Meyer: Falling into a calling

Some people work toward their calling; others fall into it. Even though he graduated from law school and spent a year practicing law, the trading bug eventually caught up with Christian Meyer, an independent forex and metals trader based in London. Meyer now mostly trades his own money along with the investments of a select few individuals, controlling about $5 million. “I wasn’t suitable for legal work and I knew right away the markets were more my calling. It was actually through a friend of mine in a hedge fund. I started with currency trading, started developing it, and I had this aptitude for it. That’s really how it started and it was really I just fell into a calling and I’ve been doing it for about 10 years now,” he says.

Transitioning from the legal world to trading financial markets is a bit of a leap and Meyer credits Wasson Capital Advisors, a hedge fund he worked for in New York from 2001 to 2004, with providing him the experience and financial education to successfully make that leap. “We had this fundamental bet against the dollar which we profited from and then my separate trading sort of started as an offshoot from that,” Meyer says. “Some of the partners in the hedge fund funded me and I started trading their money,” he says. Meyer took his trading private after profiting from the dollar short.

It proved to be the intellectual stimulation that drew Meyer to the trading world. Although he characterizes himself as a systemic trader, he admits he enjoys the fundamentals. “I enjoy the discipline. I like looking at the world. I like looking at the economies. I like [thinking] about the geopolitical situations which may impact the currency market. All those things go through my head, they don’t necessarily drive the trading, but there’s an underpinning of that which makes it exciting for me on a regular basis,” he says.

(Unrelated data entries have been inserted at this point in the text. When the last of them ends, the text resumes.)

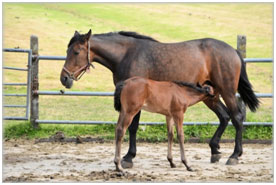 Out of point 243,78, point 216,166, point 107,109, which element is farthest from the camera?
point 107,109

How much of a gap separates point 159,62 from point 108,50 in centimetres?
79

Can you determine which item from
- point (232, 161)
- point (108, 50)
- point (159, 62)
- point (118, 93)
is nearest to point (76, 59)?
point (108, 50)

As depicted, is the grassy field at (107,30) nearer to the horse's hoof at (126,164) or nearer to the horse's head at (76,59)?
the horse's head at (76,59)

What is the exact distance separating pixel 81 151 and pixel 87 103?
19.5 feet

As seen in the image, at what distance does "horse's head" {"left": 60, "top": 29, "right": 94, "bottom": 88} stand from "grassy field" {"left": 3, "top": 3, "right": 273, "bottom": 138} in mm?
4985

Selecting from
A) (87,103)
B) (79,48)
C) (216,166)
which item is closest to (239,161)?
(216,166)

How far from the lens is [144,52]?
7398 mm

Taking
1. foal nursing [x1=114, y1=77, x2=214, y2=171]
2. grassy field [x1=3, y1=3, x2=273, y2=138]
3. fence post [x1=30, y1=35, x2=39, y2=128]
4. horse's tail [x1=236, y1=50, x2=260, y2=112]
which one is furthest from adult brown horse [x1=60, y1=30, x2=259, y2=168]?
grassy field [x1=3, y1=3, x2=273, y2=138]

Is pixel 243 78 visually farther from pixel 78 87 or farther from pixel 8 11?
pixel 8 11

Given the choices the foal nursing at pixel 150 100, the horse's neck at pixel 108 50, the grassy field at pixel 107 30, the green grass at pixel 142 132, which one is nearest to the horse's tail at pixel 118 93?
the foal nursing at pixel 150 100

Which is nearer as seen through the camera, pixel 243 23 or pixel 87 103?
pixel 87 103

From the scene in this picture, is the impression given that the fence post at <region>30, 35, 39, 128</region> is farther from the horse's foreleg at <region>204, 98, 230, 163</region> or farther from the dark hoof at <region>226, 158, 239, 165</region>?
the dark hoof at <region>226, 158, 239, 165</region>

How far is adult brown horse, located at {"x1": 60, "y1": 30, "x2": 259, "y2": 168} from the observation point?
7250 millimetres

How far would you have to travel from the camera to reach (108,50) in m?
7.39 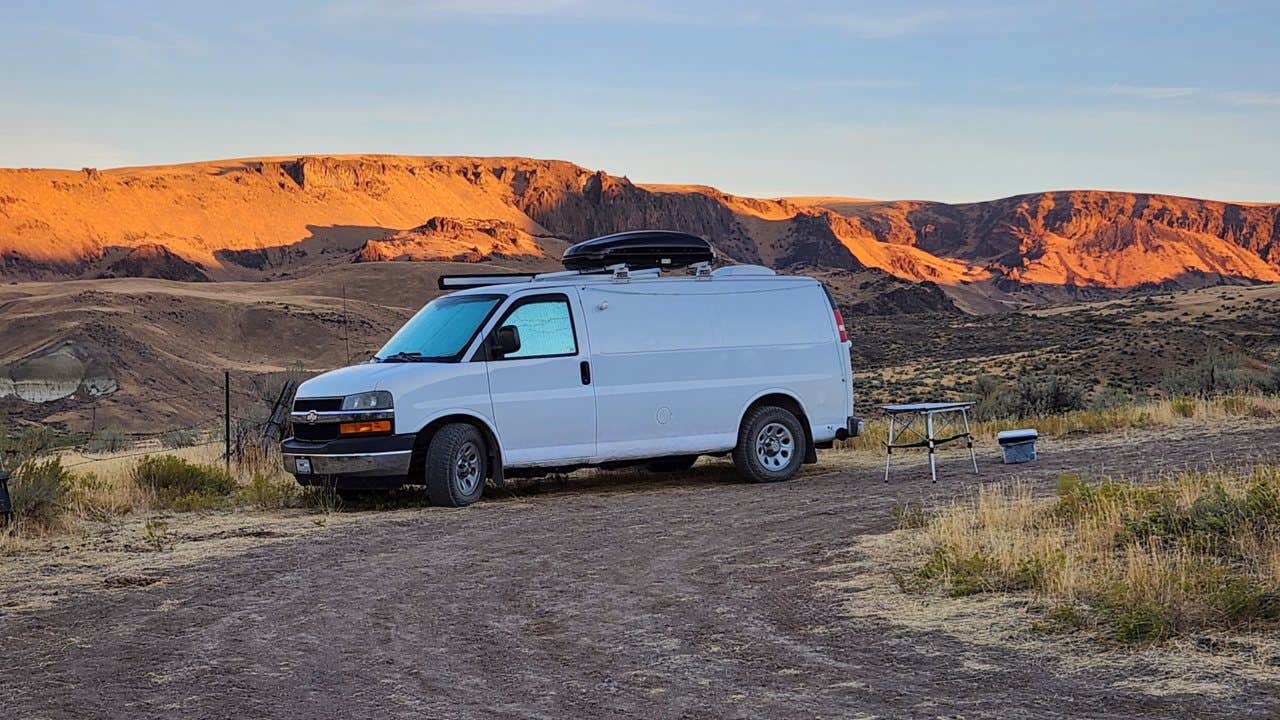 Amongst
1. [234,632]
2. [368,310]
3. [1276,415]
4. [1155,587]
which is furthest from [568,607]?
[368,310]

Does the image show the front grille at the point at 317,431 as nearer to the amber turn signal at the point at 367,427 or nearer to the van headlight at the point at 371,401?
Answer: the amber turn signal at the point at 367,427

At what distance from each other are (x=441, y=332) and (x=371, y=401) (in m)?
1.26

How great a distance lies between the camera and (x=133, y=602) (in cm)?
896

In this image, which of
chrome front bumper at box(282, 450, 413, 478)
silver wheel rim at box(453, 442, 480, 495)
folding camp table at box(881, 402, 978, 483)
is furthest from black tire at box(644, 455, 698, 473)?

Meyer uses a systemic trading strategy that looks for long-term trends by following 13 currency pairs. If he sees an opportunity in a particular currency he may trade it against several different currencies and not necessarily in the same direction. “Sometimes all the signals align and you’d be long [or short] all the European currencies against the yen. But often you would have mixed signals,” Meyer says. He uses a combination of moving averages, Fibonacci and Elliott Wave to generate signals for trades. “I’m looking for multi-week or multi-month moves in general, I’m not a short term trader,” he says.

The long-term approach seems to be working for Meyer as he claims to averages about 23% returns on investments using about a five times leverage in trades.

Meyer says the keys to his success are discipline and diversification. “With leveraged accounts, it’s pure discipline. You have to maintain absolute, absolute focus on a system.”

Profitable long-term trends don’t pop up every day so Meyer applies his approach to a diversified group currency pairs. “Diversification is very important when you’re looking for the long-term secular moves in the currency markets. My system relies very much on diversification,” Meyer says.

For all that Meyer enjoys about trading, only one thing frustrates him. “I have to go to sleep and wonder what’s going to happen in Tokyo in my dreams,” he says.